Prenez le nouveau site Radioplayer, une application commune lancée jeudi par 200 radios françaises, et que RFI s’apprête à rejoindre. Même s’il n’y a pas de publicité prévue pour l’heure sur Radioplayer, tout visiteur doit dire s’il accepte ou non qu’on utilise ses données pour le géolocaliser, sélectionner du contenu ou lui adresser des publicités personnalisées. Depuis le 1er avril, la Cnil demande de se conformer à ces règles et promet des sanctions aux contrevenants.

Mais la crainte des éditeurs de médias est que les gens, massivement, décident de ne plus être tracés. La Cnil exige désormais que l’éditeur mette au même niveau les deux options « accepter » ou « refuser » pour laisser l’internaute libre de son choix. Des tests d’anticipation ont prévu une chute de moitié de l’agrément. Ce qui serait une catastrophe pour les médias qui ne pourraient plus commercialiser une audience non ciblée, car la publicité digitale est majoritairement automatisée avec des cookies.

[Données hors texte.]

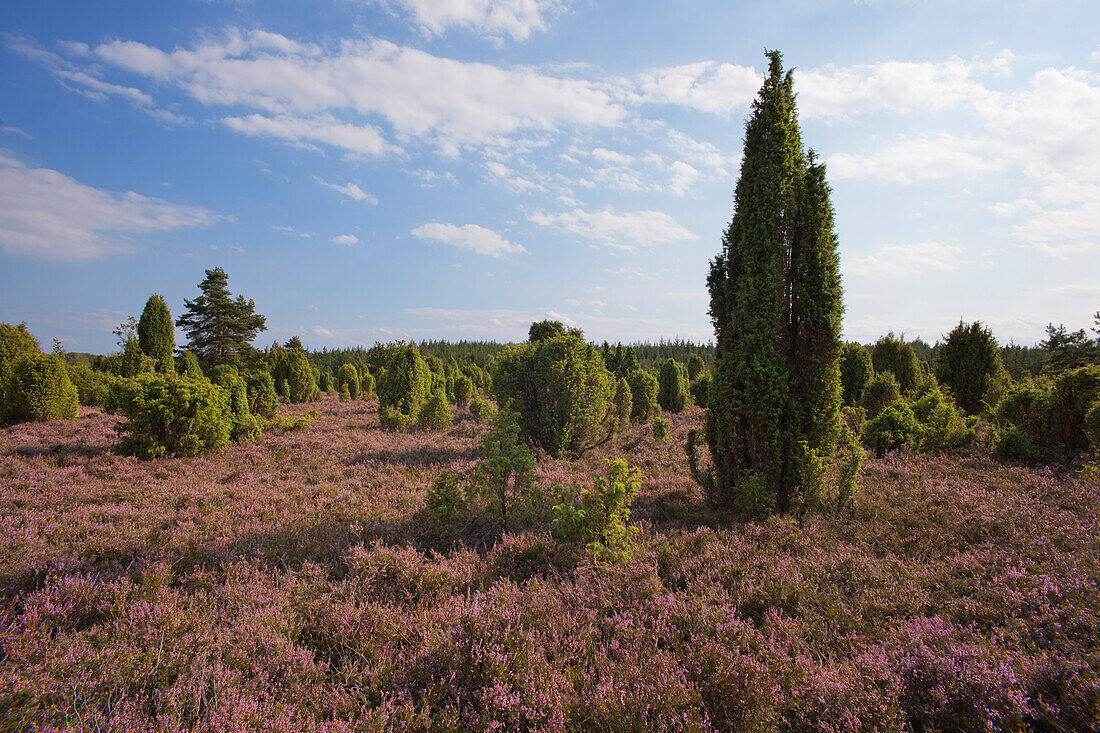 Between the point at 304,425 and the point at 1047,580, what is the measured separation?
2128 cm

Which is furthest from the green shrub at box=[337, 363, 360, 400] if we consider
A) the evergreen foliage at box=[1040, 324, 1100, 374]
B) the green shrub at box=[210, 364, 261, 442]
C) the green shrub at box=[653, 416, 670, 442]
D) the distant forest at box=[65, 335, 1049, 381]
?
the evergreen foliage at box=[1040, 324, 1100, 374]

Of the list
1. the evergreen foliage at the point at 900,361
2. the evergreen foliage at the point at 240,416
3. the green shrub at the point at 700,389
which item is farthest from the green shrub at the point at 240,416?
the evergreen foliage at the point at 900,361

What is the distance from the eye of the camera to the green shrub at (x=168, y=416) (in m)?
11.0

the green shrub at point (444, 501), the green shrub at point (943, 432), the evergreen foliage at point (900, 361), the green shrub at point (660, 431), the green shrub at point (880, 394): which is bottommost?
the green shrub at point (660, 431)

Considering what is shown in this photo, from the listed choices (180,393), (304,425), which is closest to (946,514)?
(180,393)

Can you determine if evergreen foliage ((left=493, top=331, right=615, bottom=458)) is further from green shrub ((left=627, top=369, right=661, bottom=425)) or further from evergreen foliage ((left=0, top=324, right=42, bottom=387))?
evergreen foliage ((left=0, top=324, right=42, bottom=387))

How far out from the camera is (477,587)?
16.6 ft

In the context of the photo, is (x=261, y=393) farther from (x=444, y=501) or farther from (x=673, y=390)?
(x=673, y=390)

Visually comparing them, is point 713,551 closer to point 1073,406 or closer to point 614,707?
point 614,707

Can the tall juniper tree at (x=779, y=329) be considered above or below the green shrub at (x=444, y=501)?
above

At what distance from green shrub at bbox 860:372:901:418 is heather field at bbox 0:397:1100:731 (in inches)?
358

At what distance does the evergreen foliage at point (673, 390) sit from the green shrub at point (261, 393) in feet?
81.5

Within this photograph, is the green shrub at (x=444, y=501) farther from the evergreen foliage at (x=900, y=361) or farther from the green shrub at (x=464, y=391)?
the green shrub at (x=464, y=391)

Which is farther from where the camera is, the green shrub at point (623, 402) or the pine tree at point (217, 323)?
the pine tree at point (217, 323) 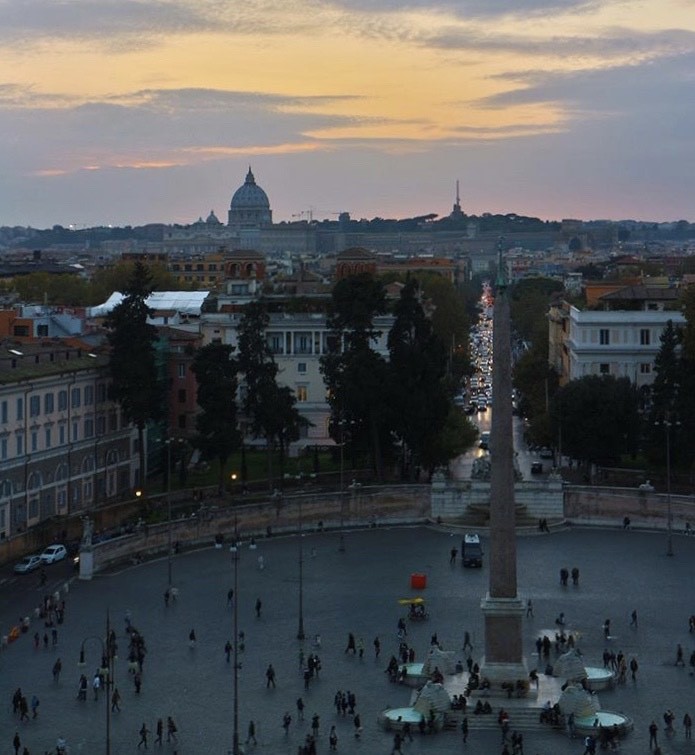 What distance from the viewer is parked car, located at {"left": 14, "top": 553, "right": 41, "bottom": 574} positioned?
54544 mm

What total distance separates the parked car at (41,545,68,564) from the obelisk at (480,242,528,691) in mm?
20705

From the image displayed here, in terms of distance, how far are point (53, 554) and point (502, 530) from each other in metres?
22.0

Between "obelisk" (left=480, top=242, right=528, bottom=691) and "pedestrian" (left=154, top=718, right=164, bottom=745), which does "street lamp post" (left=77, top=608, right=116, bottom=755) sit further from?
"obelisk" (left=480, top=242, right=528, bottom=691)

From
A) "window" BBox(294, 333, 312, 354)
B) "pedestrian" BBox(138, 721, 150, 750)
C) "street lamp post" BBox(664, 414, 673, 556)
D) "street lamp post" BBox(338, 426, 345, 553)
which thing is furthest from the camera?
"window" BBox(294, 333, 312, 354)

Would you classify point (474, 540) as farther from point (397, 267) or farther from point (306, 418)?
point (397, 267)

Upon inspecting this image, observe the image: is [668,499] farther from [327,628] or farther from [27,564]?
[27,564]

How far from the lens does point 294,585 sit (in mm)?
52844

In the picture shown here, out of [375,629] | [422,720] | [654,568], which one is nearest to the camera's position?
[422,720]

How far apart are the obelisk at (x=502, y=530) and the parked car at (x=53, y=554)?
20.7 meters

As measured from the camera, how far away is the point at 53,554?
185ft

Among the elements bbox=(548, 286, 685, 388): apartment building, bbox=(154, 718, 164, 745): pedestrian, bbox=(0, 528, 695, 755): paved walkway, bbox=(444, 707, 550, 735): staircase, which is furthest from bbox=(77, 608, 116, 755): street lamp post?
bbox=(548, 286, 685, 388): apartment building

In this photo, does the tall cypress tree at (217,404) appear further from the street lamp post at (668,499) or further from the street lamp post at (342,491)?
the street lamp post at (668,499)

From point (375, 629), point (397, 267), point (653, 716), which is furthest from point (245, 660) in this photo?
point (397, 267)

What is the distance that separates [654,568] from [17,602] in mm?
18584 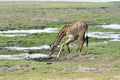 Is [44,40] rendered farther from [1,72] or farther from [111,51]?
[1,72]

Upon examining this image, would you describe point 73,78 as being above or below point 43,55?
above

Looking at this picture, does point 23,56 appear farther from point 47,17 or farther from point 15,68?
point 47,17

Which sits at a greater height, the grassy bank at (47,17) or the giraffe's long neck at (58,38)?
the giraffe's long neck at (58,38)

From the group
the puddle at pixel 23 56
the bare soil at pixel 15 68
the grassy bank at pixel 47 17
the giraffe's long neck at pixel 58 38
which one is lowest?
the grassy bank at pixel 47 17

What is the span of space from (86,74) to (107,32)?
18628mm

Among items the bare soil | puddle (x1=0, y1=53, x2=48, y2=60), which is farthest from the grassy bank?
the bare soil

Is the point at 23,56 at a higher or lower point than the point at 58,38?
lower

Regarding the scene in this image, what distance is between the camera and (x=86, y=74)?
1534cm

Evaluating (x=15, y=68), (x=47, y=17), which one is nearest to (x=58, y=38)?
(x=15, y=68)

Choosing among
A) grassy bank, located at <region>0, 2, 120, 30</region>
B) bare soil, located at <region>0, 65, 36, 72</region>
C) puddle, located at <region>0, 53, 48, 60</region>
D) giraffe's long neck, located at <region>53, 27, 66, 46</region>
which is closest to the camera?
bare soil, located at <region>0, 65, 36, 72</region>

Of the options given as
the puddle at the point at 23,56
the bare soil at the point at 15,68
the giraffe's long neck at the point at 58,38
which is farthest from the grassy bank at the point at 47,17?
the bare soil at the point at 15,68

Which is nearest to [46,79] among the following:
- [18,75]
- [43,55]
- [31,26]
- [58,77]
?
[58,77]

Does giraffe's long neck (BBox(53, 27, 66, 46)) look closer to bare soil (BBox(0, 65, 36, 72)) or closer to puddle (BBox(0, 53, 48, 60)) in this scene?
puddle (BBox(0, 53, 48, 60))

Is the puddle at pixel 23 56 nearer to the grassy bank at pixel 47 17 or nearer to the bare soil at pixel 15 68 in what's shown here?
the bare soil at pixel 15 68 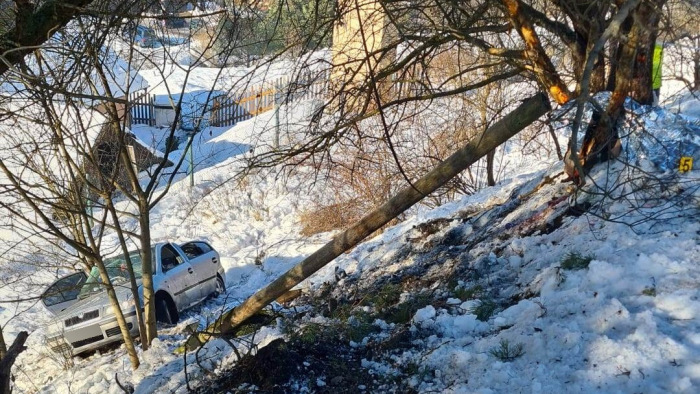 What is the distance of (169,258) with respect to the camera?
10.9 meters

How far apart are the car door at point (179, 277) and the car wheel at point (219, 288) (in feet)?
2.54

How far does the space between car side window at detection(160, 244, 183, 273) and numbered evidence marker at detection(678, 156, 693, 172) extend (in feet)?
26.2

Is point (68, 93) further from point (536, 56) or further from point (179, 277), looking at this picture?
point (179, 277)

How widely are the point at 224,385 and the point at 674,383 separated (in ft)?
9.25

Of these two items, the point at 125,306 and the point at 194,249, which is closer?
the point at 125,306

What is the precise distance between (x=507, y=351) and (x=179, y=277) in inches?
315

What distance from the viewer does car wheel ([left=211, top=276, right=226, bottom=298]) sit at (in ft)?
39.4

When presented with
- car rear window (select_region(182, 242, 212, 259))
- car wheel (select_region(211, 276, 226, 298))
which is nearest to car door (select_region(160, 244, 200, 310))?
car rear window (select_region(182, 242, 212, 259))

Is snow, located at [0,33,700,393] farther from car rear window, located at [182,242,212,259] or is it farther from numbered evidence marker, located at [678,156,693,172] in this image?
car rear window, located at [182,242,212,259]

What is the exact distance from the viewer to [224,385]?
432 centimetres

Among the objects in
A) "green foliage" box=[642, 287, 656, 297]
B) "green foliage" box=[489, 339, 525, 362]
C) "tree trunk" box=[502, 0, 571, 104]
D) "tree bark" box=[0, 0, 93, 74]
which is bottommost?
"green foliage" box=[489, 339, 525, 362]

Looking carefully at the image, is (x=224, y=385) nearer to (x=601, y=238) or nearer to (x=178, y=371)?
(x=178, y=371)

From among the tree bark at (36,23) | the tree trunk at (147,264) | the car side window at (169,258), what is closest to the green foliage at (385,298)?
the tree trunk at (147,264)

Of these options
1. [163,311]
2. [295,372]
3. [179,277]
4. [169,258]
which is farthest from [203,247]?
[295,372] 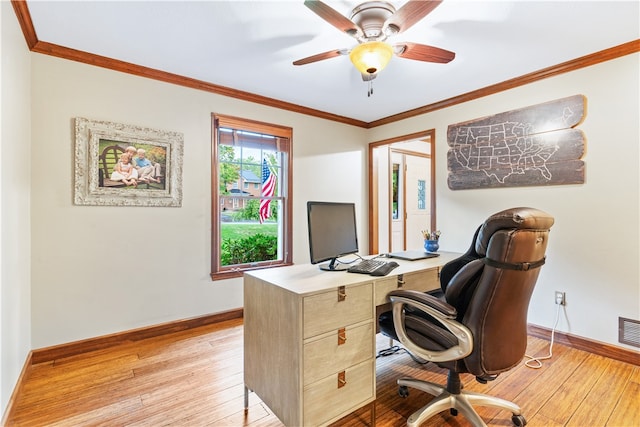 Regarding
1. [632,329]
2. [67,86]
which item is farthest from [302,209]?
[632,329]

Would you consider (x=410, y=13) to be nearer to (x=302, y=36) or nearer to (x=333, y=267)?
(x=302, y=36)

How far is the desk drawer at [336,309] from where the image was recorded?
4.61ft

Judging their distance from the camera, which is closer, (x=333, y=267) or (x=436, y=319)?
(x=436, y=319)

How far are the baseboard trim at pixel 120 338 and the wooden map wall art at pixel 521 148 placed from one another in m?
3.00

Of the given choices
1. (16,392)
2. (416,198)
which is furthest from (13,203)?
(416,198)

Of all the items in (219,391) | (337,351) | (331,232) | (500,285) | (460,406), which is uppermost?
(331,232)

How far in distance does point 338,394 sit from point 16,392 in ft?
6.45

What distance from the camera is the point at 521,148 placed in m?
Result: 2.90

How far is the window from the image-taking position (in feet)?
10.6

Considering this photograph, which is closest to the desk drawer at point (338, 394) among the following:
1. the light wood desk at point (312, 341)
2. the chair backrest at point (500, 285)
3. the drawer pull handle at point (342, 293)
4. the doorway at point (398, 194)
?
the light wood desk at point (312, 341)

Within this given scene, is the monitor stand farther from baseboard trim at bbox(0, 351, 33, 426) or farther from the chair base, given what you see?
baseboard trim at bbox(0, 351, 33, 426)

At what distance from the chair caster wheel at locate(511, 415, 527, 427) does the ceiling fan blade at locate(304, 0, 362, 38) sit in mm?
2370

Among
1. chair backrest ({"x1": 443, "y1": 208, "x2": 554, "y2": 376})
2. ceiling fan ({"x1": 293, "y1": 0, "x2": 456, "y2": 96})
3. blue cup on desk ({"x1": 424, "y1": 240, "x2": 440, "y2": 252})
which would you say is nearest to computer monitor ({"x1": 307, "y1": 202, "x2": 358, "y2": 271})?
chair backrest ({"x1": 443, "y1": 208, "x2": 554, "y2": 376})

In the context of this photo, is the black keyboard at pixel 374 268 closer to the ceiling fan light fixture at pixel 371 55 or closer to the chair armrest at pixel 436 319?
the chair armrest at pixel 436 319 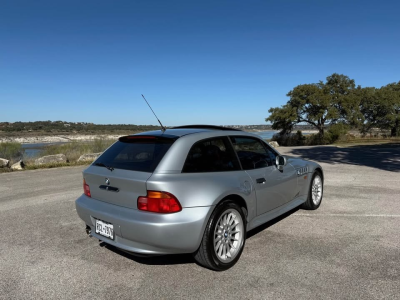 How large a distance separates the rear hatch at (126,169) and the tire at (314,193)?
10.2 feet

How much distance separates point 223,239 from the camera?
3289 mm

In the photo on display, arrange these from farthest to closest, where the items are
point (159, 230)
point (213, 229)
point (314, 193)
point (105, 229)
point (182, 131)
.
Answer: point (314, 193) < point (182, 131) < point (105, 229) < point (213, 229) < point (159, 230)

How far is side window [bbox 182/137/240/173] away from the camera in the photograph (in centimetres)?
324

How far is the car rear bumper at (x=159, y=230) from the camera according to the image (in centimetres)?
285

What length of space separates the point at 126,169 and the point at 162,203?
25.1 inches

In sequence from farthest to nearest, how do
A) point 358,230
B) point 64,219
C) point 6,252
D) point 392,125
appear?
point 392,125 → point 64,219 → point 358,230 → point 6,252

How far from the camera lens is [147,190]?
293 cm

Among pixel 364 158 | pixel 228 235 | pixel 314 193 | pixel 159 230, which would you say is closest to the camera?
pixel 159 230

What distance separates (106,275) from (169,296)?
2.69 feet

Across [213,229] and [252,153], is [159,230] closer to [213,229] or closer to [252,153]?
[213,229]

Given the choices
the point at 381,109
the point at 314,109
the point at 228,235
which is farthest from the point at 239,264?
the point at 381,109

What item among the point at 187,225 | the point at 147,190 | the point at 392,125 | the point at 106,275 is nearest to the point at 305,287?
the point at 187,225

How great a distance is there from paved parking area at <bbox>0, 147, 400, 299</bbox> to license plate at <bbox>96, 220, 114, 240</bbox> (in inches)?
15.8

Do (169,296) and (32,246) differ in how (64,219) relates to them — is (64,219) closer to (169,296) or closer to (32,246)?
(32,246)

Les éditeurs s’efforcent donc de limiter au maximum cette perte avec des dispositifs adaptés. Au Figaro, on serait plus prêt de 8 à 10 %.

Trouver des parades

Pour les éditeurs, ces règles sont des cadeaux aux Gafa dans la mesure où Google et Facebook, qui aspirent 88 % de la publicité numérique, détiennent déjà des montagnes de données sur chacun d’entre nous. Le seul fait de nous connecter à notre compte suffit à les activer. Le comble est d’ailleurs que ces grandes plateformes ne se sont pas empressées de se mettre en conformité avec la Cnil car les règles européennes font qu’elles dépendent du pays de leur établissement fiscal, pour la plupart l’Irlande, où le gendarme des données est moins regardant qu’en France.

Du coup, les éditeurs cherchent des parades. Les sites Allo Ciné ou jeuxvideo.com de Webedia, laissent le choix entre accepter les cookies ou payer 2 euros, ce qui correspond à l’estimation mensuelle d’un internaute ciblé. Les groupes Prisma et Doctissimo en font autant. La Cnil jugera au cas par cas. Elle devra aussi examiner les pratiques de Google qui a prévu d’abandonner définitivement les cookies l’année prochaine, mais annonce un sandbox, un bac à sable. Là, tous les grains seront confondus, mais seul Google aura la passoire pour les identifier. Problème : les petits grains n’auront pas donné leur consentement et ça, la Cnil n’en veut pas.